Wellington, New Zealand

The NZ Government is almost doubling its funding for cycling infrastructure, focusing on active transport to reduce the country’s carbon emissions.

The Government last month announced the 2021–24 National Land Transport Program (NLTP) would allocate $910 million (A$877 million) to cycling infrastructure over the next three years, compared to $518 million (A$499 million) the previous three years.

The increased allocation equates to $64.54 (A$62.20) per person per year, based on New Zealand’s 2018 population figures.

In comparison, Australia’s national government spending on bike infrastructure in 2020 is estimated at $16.35 per capita, across Local Government and State government expenditure.

In addition to the NLTP, the NZ government is making other significant investment in walking and cycling activities through its NZ Upgrade Programme. In early 2020, the Government announced the Upgrade Programme would provide $360 million to build the first section of the Northern Pathway, Auckland’s walking and cycling connection across the Waitematā Harbour. It will be one of the critical links in completing the city’s walking and cycling network.

In a statement to announce the increased NLTP funding, the Government says: “Reducing our carbon emissions is key to New Zealand meeting its climate change commitments.

“One of the most effective ways to do this is by reducing our reliance on private vehicles, especially when it comes to short trips that could easily be walked or cycled in our main urban areas.

“Providing easy access to safe shared paths is part of the equation to support more people to walk and cycle, as is making cycling more affordable and providing people with the skills and confidence to ride a bike.
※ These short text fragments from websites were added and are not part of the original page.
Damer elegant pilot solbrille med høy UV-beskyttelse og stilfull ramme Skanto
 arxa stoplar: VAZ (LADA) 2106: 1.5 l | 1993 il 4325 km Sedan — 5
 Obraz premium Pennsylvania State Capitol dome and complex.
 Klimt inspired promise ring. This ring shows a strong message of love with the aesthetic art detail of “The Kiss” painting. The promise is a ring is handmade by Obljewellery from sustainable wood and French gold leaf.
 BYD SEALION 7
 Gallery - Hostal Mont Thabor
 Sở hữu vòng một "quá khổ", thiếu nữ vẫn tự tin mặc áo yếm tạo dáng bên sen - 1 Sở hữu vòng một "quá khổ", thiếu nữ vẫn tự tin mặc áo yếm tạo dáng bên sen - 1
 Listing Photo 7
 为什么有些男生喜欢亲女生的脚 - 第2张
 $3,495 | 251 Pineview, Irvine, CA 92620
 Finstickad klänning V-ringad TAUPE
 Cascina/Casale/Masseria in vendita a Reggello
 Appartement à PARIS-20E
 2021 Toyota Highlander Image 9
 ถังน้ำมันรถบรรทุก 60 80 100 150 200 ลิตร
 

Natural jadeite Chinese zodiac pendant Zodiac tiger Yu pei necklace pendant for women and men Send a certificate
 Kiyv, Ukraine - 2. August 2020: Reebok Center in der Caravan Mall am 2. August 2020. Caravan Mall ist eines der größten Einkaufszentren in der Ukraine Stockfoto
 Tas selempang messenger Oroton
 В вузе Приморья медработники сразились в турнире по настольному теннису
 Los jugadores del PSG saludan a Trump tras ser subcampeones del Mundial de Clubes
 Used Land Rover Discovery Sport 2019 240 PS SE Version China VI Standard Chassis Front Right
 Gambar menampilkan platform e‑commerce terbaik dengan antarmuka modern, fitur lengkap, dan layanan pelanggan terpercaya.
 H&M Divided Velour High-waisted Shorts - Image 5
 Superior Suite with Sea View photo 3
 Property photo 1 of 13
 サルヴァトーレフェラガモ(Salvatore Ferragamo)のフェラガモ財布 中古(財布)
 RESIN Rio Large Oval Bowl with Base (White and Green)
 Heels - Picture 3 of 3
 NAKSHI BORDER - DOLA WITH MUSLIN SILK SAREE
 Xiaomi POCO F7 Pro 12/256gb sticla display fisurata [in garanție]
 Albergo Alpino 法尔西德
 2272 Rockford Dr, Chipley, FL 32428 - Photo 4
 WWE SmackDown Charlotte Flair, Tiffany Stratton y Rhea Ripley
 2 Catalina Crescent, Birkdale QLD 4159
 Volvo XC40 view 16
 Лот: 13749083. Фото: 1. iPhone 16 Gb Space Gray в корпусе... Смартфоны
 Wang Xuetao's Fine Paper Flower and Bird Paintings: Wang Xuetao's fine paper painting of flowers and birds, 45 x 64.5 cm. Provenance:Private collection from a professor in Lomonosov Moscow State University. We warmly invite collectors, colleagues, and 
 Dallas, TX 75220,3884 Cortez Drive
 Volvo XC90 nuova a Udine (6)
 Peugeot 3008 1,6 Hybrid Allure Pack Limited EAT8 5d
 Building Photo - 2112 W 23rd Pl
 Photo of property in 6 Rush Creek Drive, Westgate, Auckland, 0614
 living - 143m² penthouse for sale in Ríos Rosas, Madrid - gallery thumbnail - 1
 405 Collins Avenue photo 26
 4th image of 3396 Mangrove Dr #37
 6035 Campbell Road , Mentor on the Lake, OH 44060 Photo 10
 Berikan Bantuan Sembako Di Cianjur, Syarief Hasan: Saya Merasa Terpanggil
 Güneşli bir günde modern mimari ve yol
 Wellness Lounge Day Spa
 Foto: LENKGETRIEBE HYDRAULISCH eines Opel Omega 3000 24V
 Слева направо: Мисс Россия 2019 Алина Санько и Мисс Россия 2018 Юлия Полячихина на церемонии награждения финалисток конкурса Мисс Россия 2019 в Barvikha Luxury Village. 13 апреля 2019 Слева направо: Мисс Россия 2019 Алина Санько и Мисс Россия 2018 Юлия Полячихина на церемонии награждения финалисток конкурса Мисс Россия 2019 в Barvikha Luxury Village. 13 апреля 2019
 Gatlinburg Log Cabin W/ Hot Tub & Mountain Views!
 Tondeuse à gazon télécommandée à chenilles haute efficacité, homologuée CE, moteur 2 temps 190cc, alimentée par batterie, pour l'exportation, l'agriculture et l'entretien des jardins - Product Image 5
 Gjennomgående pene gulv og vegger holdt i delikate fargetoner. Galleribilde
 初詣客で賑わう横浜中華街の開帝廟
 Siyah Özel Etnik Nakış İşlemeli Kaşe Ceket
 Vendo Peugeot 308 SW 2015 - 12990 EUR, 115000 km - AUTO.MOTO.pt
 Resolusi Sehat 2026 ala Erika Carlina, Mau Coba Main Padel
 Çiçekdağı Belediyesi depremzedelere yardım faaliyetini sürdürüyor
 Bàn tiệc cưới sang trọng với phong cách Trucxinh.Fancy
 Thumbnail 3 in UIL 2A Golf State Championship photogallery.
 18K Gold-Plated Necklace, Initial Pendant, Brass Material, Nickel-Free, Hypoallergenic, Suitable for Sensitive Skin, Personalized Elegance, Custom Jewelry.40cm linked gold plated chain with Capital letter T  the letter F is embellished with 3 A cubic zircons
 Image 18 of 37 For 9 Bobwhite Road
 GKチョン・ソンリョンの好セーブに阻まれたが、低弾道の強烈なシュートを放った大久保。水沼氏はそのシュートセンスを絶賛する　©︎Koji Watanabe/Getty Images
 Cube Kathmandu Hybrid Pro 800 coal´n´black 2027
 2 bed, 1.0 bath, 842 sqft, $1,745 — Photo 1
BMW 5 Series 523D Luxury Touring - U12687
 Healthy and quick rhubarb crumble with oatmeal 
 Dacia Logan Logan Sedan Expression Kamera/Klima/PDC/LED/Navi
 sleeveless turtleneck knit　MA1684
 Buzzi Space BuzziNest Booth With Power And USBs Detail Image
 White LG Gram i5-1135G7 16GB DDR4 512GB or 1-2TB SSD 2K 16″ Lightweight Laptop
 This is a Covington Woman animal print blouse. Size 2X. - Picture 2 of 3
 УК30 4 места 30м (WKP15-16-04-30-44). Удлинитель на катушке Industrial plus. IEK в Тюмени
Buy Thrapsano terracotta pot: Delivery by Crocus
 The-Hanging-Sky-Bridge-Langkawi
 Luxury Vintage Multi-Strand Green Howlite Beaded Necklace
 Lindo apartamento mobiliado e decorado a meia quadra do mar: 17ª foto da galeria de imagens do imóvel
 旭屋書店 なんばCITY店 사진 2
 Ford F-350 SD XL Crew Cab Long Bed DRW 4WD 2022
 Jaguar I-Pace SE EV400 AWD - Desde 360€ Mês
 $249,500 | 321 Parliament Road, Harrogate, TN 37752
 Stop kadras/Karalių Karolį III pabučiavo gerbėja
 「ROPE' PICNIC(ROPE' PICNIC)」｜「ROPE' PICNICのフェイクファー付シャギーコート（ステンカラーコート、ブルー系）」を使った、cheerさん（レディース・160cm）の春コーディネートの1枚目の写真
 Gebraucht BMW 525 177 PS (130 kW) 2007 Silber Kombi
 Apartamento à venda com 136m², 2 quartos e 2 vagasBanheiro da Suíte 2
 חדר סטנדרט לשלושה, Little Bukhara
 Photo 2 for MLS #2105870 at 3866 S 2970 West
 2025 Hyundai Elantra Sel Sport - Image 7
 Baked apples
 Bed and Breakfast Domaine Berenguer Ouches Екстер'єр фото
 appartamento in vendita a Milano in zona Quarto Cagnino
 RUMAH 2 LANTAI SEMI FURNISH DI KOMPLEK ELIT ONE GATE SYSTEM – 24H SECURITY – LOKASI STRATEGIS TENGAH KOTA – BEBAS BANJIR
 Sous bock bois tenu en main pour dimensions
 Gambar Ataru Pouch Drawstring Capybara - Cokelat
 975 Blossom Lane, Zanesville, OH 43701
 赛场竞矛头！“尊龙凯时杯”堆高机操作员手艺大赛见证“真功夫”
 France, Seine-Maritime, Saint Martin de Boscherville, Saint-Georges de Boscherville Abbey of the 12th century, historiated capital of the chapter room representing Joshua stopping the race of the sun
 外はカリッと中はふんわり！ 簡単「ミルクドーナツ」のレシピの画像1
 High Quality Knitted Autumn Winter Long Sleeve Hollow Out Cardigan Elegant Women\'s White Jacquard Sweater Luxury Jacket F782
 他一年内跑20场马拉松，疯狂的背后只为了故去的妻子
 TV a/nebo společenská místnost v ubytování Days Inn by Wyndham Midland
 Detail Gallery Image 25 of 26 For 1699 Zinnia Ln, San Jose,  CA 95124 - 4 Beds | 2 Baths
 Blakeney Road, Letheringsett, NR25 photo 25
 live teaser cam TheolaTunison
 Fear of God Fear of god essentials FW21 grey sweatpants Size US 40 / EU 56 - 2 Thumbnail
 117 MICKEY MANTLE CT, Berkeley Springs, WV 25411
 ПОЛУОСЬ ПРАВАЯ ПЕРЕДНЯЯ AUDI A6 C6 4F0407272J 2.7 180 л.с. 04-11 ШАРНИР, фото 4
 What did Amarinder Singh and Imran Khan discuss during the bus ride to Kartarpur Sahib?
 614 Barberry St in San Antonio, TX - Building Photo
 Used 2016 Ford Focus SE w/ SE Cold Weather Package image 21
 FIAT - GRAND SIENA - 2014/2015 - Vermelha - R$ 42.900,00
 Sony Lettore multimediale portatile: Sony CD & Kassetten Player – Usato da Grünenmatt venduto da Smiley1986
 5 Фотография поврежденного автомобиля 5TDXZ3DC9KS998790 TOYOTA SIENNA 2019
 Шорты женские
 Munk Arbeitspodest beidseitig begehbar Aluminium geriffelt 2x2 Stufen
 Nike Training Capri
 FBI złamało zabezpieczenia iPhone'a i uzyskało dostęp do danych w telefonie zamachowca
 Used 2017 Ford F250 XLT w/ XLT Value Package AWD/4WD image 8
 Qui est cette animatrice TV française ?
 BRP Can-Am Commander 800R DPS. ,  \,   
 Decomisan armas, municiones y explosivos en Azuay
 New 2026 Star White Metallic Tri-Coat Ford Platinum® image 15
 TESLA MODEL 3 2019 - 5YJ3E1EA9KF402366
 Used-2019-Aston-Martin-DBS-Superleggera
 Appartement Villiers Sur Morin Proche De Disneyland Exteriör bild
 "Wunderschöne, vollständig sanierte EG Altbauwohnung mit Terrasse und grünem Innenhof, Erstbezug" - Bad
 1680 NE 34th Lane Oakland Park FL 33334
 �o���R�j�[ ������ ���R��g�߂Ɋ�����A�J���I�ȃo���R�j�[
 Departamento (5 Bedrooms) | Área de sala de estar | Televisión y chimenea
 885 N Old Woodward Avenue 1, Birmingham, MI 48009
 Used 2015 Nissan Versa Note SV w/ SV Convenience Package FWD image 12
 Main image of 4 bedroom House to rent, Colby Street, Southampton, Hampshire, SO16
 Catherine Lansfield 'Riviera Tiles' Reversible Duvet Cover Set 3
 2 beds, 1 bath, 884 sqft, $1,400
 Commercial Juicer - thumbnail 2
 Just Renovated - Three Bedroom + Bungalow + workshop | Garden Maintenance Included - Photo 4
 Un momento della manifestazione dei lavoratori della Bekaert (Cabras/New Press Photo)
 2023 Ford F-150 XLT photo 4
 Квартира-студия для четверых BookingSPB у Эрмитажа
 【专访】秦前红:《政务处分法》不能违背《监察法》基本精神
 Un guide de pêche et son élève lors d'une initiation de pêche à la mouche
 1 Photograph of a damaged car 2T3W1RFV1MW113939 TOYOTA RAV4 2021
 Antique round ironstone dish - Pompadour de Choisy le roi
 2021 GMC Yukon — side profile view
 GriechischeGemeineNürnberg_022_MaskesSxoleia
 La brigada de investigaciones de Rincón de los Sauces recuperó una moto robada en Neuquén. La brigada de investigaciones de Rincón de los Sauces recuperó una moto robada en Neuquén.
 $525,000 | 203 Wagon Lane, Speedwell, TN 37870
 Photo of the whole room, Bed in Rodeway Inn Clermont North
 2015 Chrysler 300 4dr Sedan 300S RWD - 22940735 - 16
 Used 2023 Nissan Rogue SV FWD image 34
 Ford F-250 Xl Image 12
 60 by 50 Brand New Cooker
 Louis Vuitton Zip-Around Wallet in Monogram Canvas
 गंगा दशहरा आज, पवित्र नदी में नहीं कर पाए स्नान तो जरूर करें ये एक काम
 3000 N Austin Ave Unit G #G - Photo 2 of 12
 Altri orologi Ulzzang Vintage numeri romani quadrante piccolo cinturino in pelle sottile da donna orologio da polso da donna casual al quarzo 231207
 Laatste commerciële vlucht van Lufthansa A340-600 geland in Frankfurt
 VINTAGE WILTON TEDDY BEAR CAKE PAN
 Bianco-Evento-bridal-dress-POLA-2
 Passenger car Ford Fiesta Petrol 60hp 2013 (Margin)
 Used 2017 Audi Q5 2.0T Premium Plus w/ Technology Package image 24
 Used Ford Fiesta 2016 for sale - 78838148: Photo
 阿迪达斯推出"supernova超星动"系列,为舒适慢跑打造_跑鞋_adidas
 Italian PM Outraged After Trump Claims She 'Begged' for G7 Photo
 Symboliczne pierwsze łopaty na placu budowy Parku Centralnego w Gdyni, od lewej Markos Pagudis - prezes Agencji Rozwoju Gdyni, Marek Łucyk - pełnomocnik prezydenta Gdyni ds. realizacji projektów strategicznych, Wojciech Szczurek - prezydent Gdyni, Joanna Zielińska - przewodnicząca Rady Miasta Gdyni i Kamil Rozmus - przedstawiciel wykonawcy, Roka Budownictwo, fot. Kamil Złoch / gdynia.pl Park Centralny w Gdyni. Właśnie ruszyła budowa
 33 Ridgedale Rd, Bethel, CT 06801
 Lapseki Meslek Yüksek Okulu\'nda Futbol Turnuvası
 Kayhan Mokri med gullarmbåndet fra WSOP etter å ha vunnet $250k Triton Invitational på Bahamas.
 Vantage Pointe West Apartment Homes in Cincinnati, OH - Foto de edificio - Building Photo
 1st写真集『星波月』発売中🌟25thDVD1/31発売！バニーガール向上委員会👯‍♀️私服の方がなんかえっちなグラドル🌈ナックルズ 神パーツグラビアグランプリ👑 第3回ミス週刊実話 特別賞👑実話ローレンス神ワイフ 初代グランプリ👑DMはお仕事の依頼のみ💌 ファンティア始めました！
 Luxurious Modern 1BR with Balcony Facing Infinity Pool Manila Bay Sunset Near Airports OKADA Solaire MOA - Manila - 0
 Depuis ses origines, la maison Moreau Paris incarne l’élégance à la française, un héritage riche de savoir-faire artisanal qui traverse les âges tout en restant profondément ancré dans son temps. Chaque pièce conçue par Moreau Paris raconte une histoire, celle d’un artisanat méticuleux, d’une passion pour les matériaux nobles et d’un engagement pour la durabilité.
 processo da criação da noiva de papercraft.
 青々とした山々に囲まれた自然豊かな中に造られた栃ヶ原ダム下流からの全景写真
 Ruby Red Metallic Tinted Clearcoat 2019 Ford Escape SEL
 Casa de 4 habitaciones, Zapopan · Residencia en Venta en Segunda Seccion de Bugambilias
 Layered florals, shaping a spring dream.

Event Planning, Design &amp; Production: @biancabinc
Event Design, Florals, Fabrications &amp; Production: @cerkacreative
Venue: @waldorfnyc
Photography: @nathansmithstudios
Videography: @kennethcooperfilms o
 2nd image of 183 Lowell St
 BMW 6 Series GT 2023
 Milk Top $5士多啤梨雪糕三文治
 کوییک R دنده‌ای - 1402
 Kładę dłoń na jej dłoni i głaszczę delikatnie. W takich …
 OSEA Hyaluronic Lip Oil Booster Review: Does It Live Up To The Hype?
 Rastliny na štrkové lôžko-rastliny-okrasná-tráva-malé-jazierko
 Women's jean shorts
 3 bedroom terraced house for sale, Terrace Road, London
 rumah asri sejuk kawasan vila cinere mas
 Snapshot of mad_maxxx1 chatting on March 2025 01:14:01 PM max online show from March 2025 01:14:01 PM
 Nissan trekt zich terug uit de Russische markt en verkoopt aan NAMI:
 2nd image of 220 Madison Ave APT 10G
“With our co-investment partners, we have delivered more than 253km of new walking and cycling facilities in the last three years and our planned investment in 2021–24 will continue that momentum.”

The statement says cycling numbers continue to grow, with trip count numbers for Wellington up 15% on last year, and Auckland up 7%, building on an 11% increase the previous year. Since 2015–16, numbers in Christchurch have increased by 62%.

“We will continue to deliver the larger projects that provide the spine and major connections in our main urban networks, such as completing the Urban Cycleways Programme, and through programs in the larger mode shift centres, including Auckland Transport Alignment Project (ATAP), Let’s Get Wellington Moving (LGWM), Urban Form + Transport Initiative (UFTI) in Tauranga, and Christchurch’s Major Cycleways,” the statement adds.

“Smaller-scale projects will continue to be important in this NLTP, providing the missing links in New Zealand’s cycling network. Although small in scale, these projects have assisted people with disabilities gain better access within their community, made crossing busy state highways safer and helped provide important connections to existing cycling networks.

“We will continue to encourage these activities through low-cost, low-risk projects and by extending the Innovating Streets program.”